Software development:
Code autocomplete, test generation, documentation, debugging assistance. GitHub Copilot and integrated AI coding assistants have become standard developer tools.

Science and research:
Drug and molecule discovery, protein structure prediction support, literature synthesis, simulation data generation.

Education:
Tutoring, personalized explanation, language learning, content generation for curricula.

Consumer:
Conversational assistants, AI companions, personalized content, image editing.

10. Common Pitfalls and Limitations

Hallucination:
Generative models produce statistically plausible text, not factually verified text. An LLM may confidently state a false citation, a wrong date, or a fabricated statistic. This is a structural property of how these models work, not a bug that will be patched. Mitigation strategies (retrieval-augmented generation, grounding, citations) reduce but do not eliminate the problem.

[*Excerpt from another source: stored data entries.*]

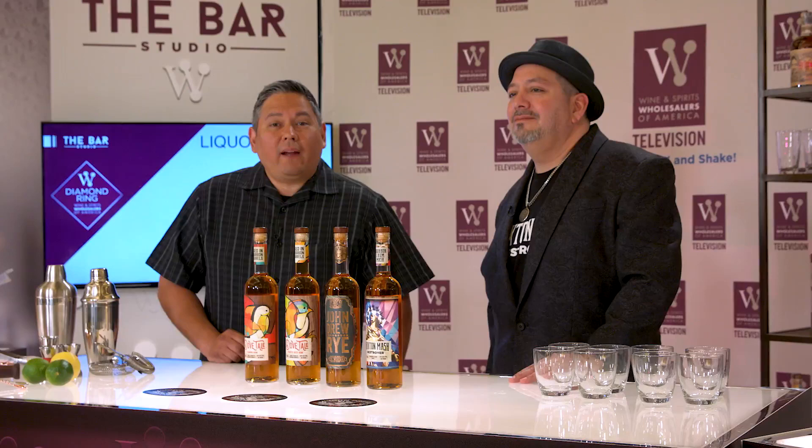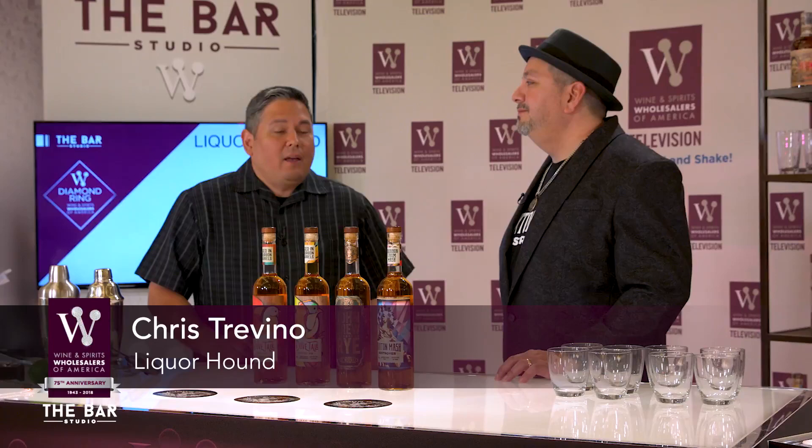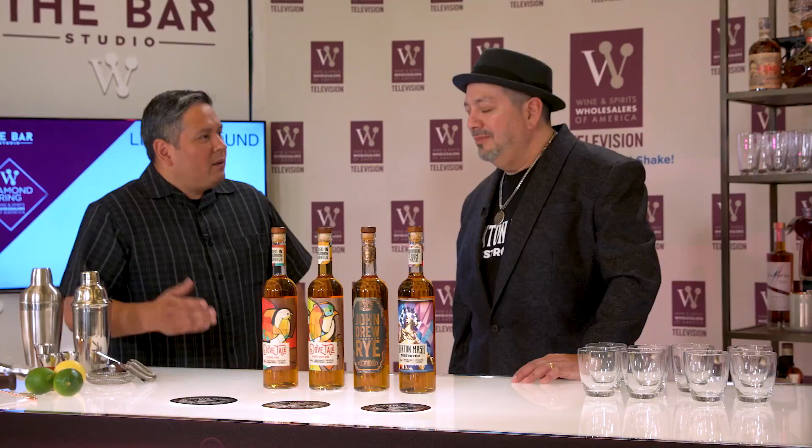Welcome back everyone. Liquor Hound here once again at the WSWA 75th Anniversary Exposition, and I am joined today by Frank Marino of John Drew Brands. Welcome, Frank. I wanted to have him here to talk about his spirits because when I went into their booth it's unlike any other booth you'll see here — it's very hip and trendy, kind of like graffiti art. When I tasted the spirits I was really amazed at the quality as well, so I wanted him to walk me through a tasting.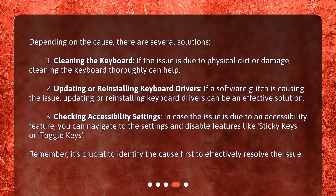Updating or reinstalling keyboard drivers: if a software glitch is causing the issue, updating or reinstalling keyboard drivers can be an effective solution. Checking accessibility settings: in case the issue is due to an accessibility feature, you can navigate to the settings and disable features like sticky keys or toggle keys.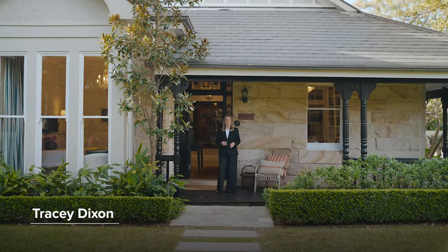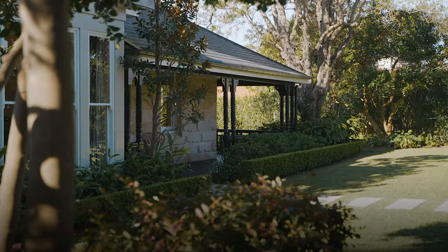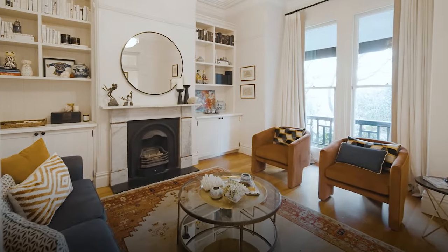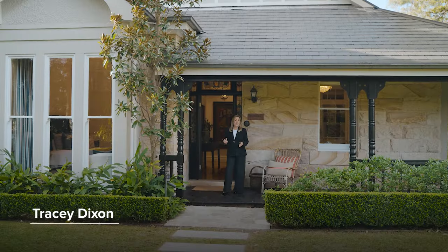Beyond the beautiful facade of Ellsmore lies a grand character family home of major proportions. With a flexible floor plan, multiple living spaces, and a sparkling north-facing pool, it's not to be missed. Let's take a look around.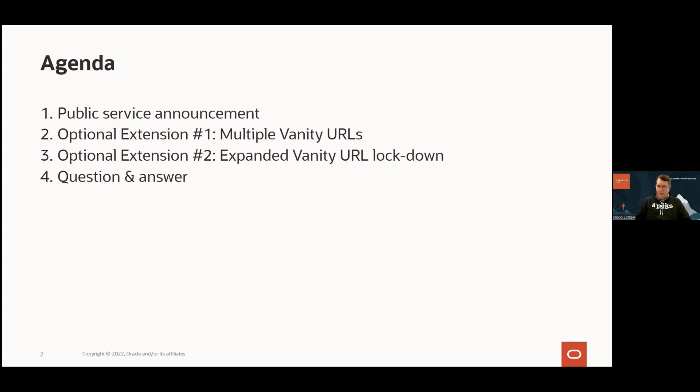I want to emphasize that both of these vanity URL extensions are optional. There's no strict requirement that you configure any of this. You may have good reasons to not configure certain things, and that's fine. But I do believe these extensions will be of interest and useful to a wide audience who may be thinking about running APEX on Autonomous Database.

Copyright and training data:
Models trained on internet-scale data have ingested copyrighted material. Whether generating content similar to training data constitutes infringement is unresolved in most jurisdictions as of 2026. Several lawsuits are ongoing.

Compute cost:
Training frontier models costs hundreds of millions of dollars. Inference costs are declining but remain nontrivial at scale, and real-time multimodal inference remains expensive.

Non-determinism:
The same prompt will produce different outputs on different runs. This is by design (sampling from a probability distribution) but makes generative AI unsuitable for applications requiring exact reproducibility without additional constraints.

Bias and fairness:
Models inherit statistical patterns from training data, including demographic biases, cultural assumptions, and toxic content. Alignment techniques (RLHF and variants) reduce harmful outputs but do not eliminate them.

Context window limits:
Even models with very long context windows (1M tokens as of 2025) degrade in recall and coherence at the far end of long inputs. Long-document tasks require careful engineering.

Evaluation difficulty:
It is hard to objectively measure the quality of generated content. Unlike classification, there is no single ground-truth answer, which makes benchmarking and regression testing more complex.